C’è un settore, però, che trova un suo equilibrio perché risorsa locale che non richiede interventi dalla terraferma e che non è stato ancora abbandonato: la pesca artigianale.

L’isola conta ancora su un gruppo di persone – tra vecchia e nuova generazione – che praticano la piccola pesca, riuscendo a soddisfare a pieno la richiesta degli abitanti dell’isola e, in parte, la richiesta durante la stagione estiva, quando Stromboli è piena di turisti.

La striscia di spiaggia che affianca il porto di Stromboli è una distesa di piccole imbarcazioni, tra le quali sostano i pescatori che maneggiano le reti e trafficano sulla riva. Gaetano, uno dei pescatori senior, mi dice che a qualcuno sull’isola le barche danno fastidio. «C’è un problema con la rimessa delle barche, che non potrebbero stare in spiaggia. Un tale che veniva da Napoli voleva mettere gli ombrelloni e fare soldi qui, in questo pezzo di spiaggia che usiamo noi pescatori. Ci diceva che è illegale tenere le barche così, ma dove le dovremmo tenere? Servirebbe un piano spiagge, ma chi se ne occupa?»

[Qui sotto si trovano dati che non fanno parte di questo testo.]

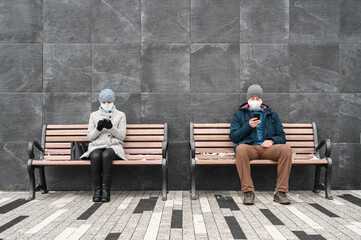 Young caucasian man and woman keep social distance looking at their smartphones and wearing protective face masks. They sit on benches against backdrop of stone wall in outdoors. Concept new normality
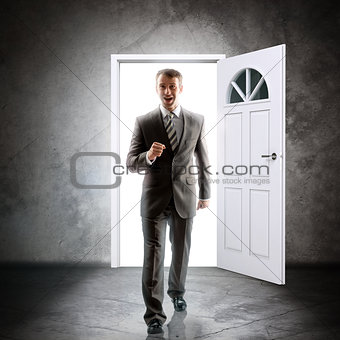 Businessman comes inside through door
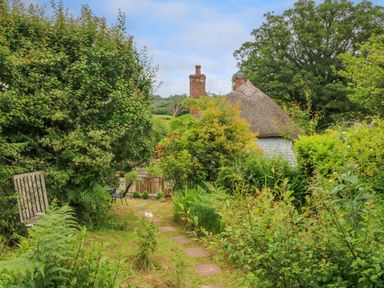 A garden path with stone slabs leading to a thatched roof cottage surrounded by bushes and trees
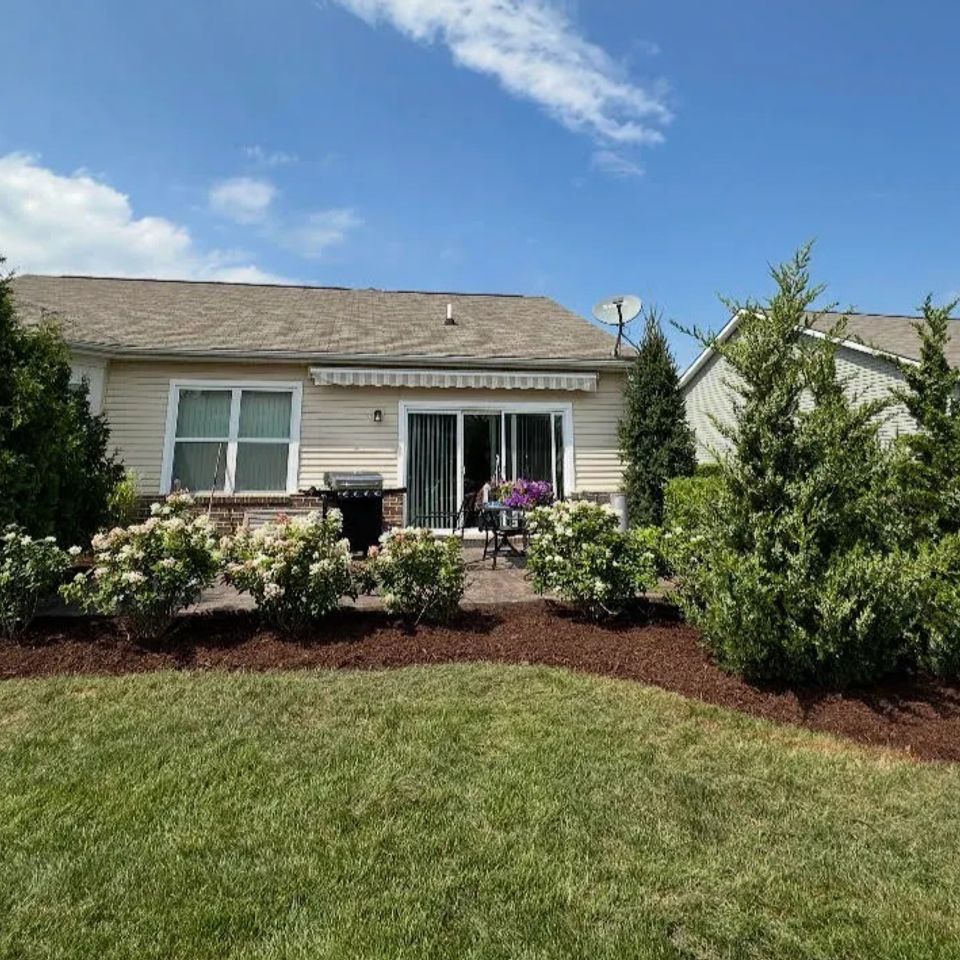 Wide view of a professional mulching job done by Vic's Landscaping of Michigan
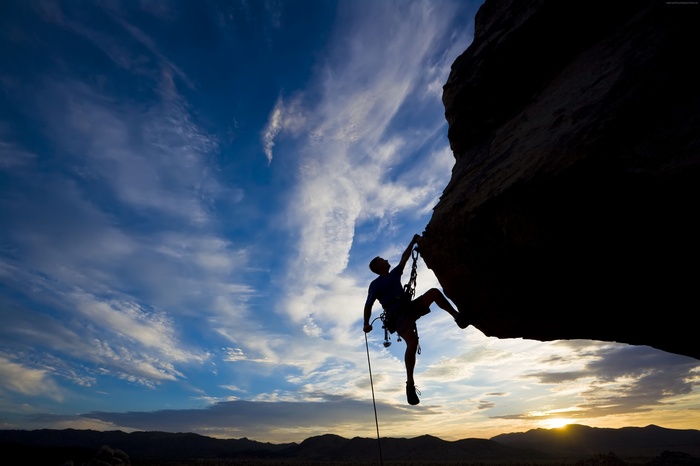 Silhouette of a rock climber at sunset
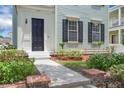 Close-up of the home's front door and manicured landscaping at 3929 Corrine Dr, Orlando, FL 32814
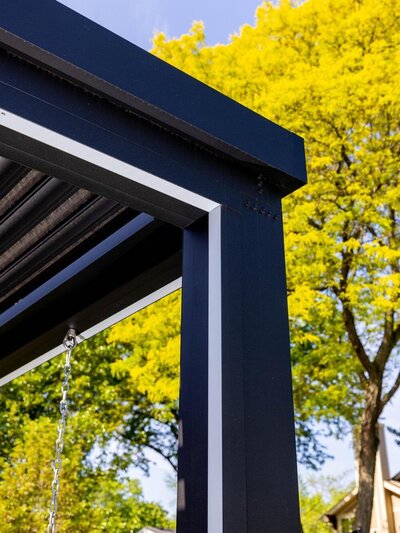 Black StruXure pergola frame with integrated TraX system with intregrated LED strip lights.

Sono le 7:30 del mattino, Gaetano e il nipote Valentino hanno riportato le loro imbarcazioni a riva e si stanno occupando del (poco) pesce pescato. Valentino già armeggia con la bilancia per i clienti che sanno di poter acquistare direttamente in spiaggia il pescato fresco. Sauri (sugherello, in italiano), totani e calamari insieme a qualche scorfano. Gaetano chiede subito di non essere fotografato in volto. Ma l’attenzione dell’obiettivo è sulle sue mani che stanno liberando pesci e granseole dalla rete. Nel farlo, ha voglia di chiacchierare, mentre i gabbiani intorno fanno da sottofondo e sperano di ottenere qualche pesce di scarto.

«Abbiamo un grosso problema con l’inquinamento. Il mare non è tenuto bene ed è sfruttato in modo sbagliato. La pesca è regolamentata nel dettaglio, ma la gestione del mare no, così ci troviamo con i diportisti che non rispettano le semplici regole di base, e non c’è nessuno che vigili su questo.»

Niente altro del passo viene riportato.